Authored by Michael137 on Nov 25 2022, 8:34 AM.

Details

Summary

Summary

This patch addresses #59128, where LLDB would crash when evaluating
a type that has been imported into the same instance of a target's scratch AST
across process re-runs. The proposed solution is to clear the scratch AST (and associated
persistent variables, ClangASTImporter, etc.) whenever a module that
could've owned one of the stale TypeSystems gets unloaded/destroyed.

Details:

  1. The first time we evaluate the expression we import the decl for Foo into the Targets scratch AST context (lives in m_scratch_type_system_map). During this process we also create a ClangASTImporter that lives in the ClangPersistentVariables::m_ast_importer_sp. This importer has decl tracking structures which reference the source AST that the decl got imported from. This importer also gets re-used for all calls to DeportType (which we use to copy the final decl into the Targets scratch AST).
  2. Rebuilding the executable triggers a tear-down of the Module that was backing the ASTContext that we originally got the Foo decl from (which lived in the Module::m_type_system_map). However, the Target’s scratch AST lives on.
  3. Re-running the same expression will now create a new ASTImporterDelegate where the destination TranslationUnitDecl is the same as the one from step (1).
  4. When importing the new Foo decl we first try to find it in the destination DeclContext, which happens to be the scratch destination TranslationUnitDecl. The Foo decl exists in this context since we copied it into the scratch AST in the first run. The ASTImporter then queries LLDB for the origin of that decl. Using the same persistent variable ClangASTImporter we claim the decl has an origin in the AST context that got torn down with the Module. This faulty origin leads to a use-after-free.

Testing

  • Added API test

Diff Detail

Event Timeline

Michael137 created this revision.Nov 25 2022, 8:34 AM
Herald added a project: Restricted Project. · View Herald TranscriptNov 25 2022, 8:34 AM
Michael137 requested review of this revision.Nov 25 2022, 8:34 AM
Herald added a project: Restricted Project. · View Herald TranscriptNov 25 2022, 8:34 AM
  • Update comment
kastiglione added inline comments.
lldb/source/Target/Target.cpp
208

Do we have some place in the life-cycle where we can perform this only if the target has changed? Ideally this would happen when the binary has a different timestamp, or for mach-o a different UUID.
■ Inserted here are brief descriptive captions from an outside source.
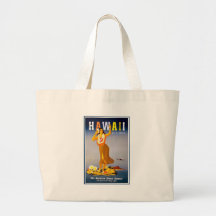 Hawaii Tote Bag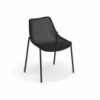 Silla Round para espacios exteriores de Emu.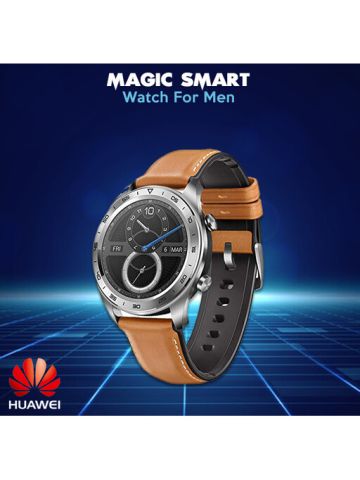 Huawei Honor Magic Smart Watch silver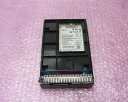 HP 759202-001(EH0300JEDHC) SAS 300GB 15K 12Gbps 2.5インチ (キャリア 3.5インチ) 中古ハードディスク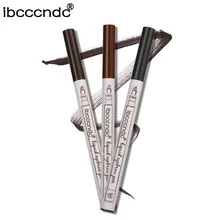 Макияж татуировки супер прочный карандаш для бровей Косметика Макияж для бровей тонкий эскиз жидкая подводка для бровей карандаш для бровей 60 шт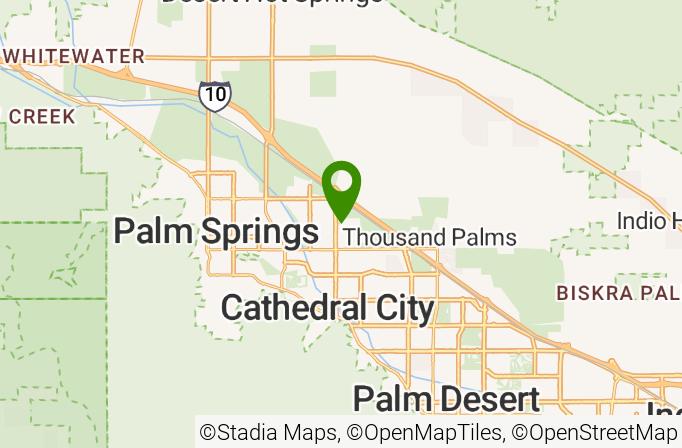 Cimarron Golf Resort Map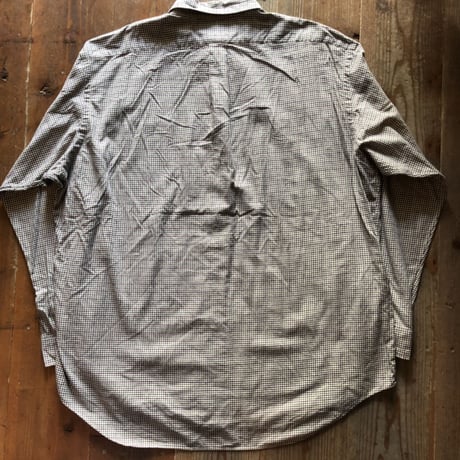 Ralph Lauren長袖チェックシャツ BLAKE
aprantl added inline comments.Nov 29 2022, 1:56 PM
lldb/source/Target/Target.cpp
207

Not opposed to this, but this is leaking an implementation detail of TypeSystemClang into Target. Just out of curiosity — would if be feasible to use weak_ptr in DeclOrigin or is that defined inside of Clang and can't be changed?

Michael137 added inline comments.Nov 30 2022, 4:03 AM
lldb/source/Target/Target.cpp
207

I agree with your point about leaking TypeSystem implementation details into Process lifecycle. I briefly considered converting DeclOrigins to hold weak pointers but unfortunately the pointers are handed out by clang::Decl. Though thinking about it, clang::ASTContexts are refcounted (via llvm::RefCountedBase). So perhaps we could keep them alive that way. Though I’m concerned that we then commit to supporting multiple definitions of a type in the scratch AST and never really properly clearing the DeclOrigin structures. But I’ll play around with the idea

208

There is DidUnloadModules which gets notified when an lldb_private::Module gets unloaded (e.g., on rebuilt). But this includes JITted modules (e.g., when running AppleObjectiveCRuntimeV2 utility functions) in which case we wouldn’t want to flush the type systems. Also the Clang REPL (and I assume the Swift REPL) rely on the type system being still present after we unloaded the module associated with the evaluated expression. All this is to say, I found it to be quite fiddly to determine when to flush the persistent variables from within that notification. Really we would like a notification to the Target which says “we restarted the debugee AND some module got rebuilt”. In that case it’s not safe to keep the persistent variables around. I’ll double check if there isn’t something like that around.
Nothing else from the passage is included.